*Brief*. Would you copy the lines below exactly and omit the images?

*Given information*.

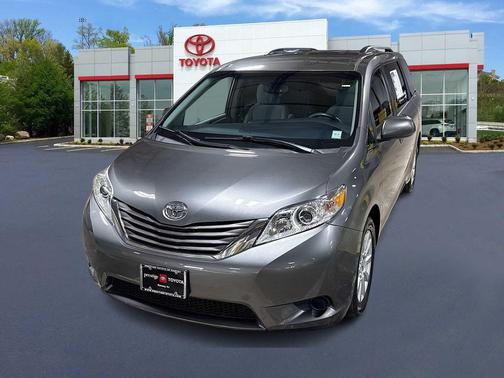 2017 Toyota Sienna LE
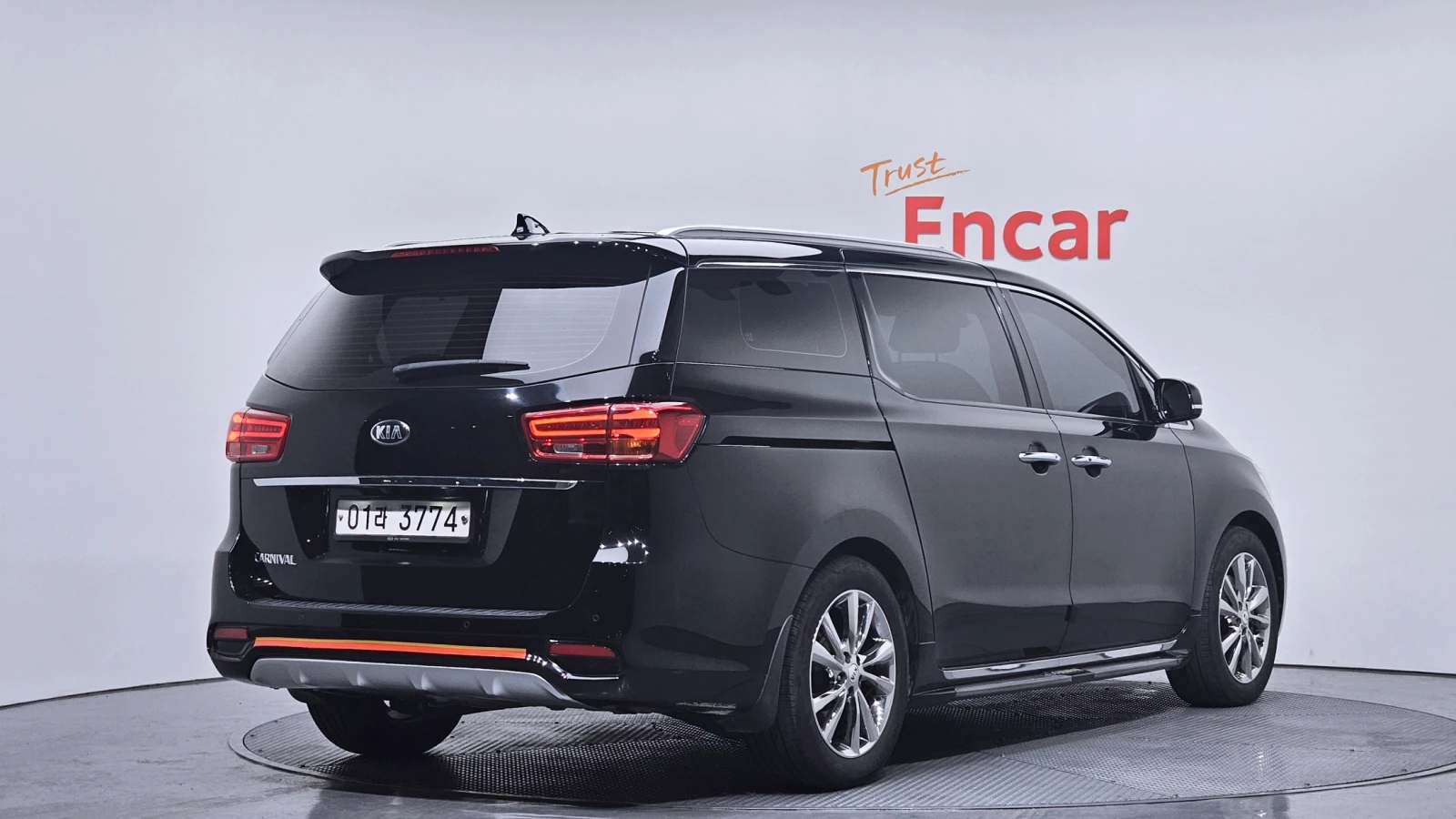 Kia Carnival ЕЛ. БАГАЖНИК* BLIND SPOT* КРАЙНА ЦЕНА, снимка 2 - Автомобили и джипове - 55591303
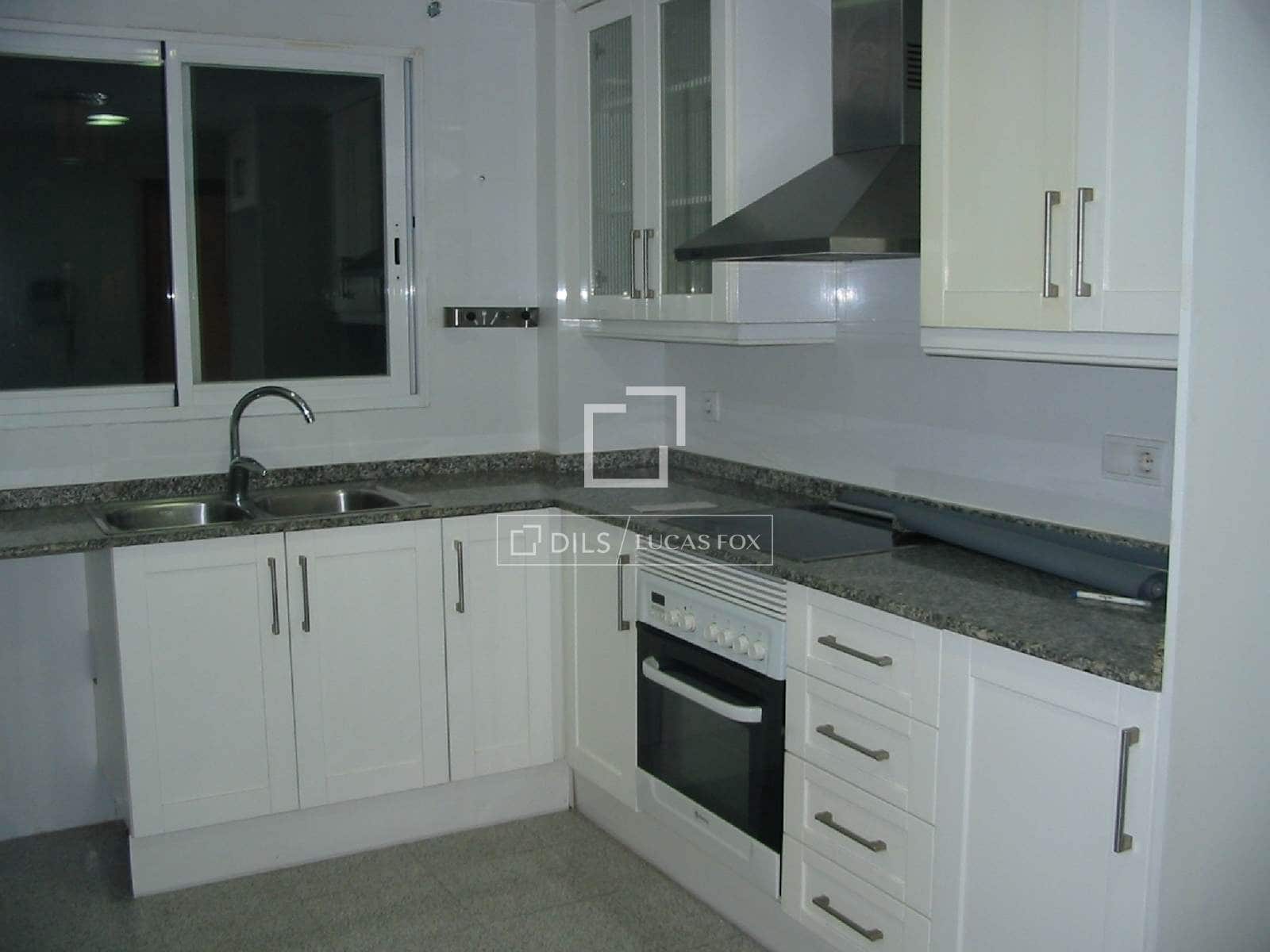 4 bedroom Apartment for rent in Valencia city with garage - € 1,800 (Ref: 9562547)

*Answer space*.
 2017 Toyota Sienna LE
 Kia Carnival ЕЛ. БАГАЖНИК* BLIND SPOT* КРАЙНА ЦЕНА, снимка 2 - Автомобили и джипове - 55591303
 4 bedroom Apartment for rent in Valencia city with garage - € 1,800 (Ref: 9562547)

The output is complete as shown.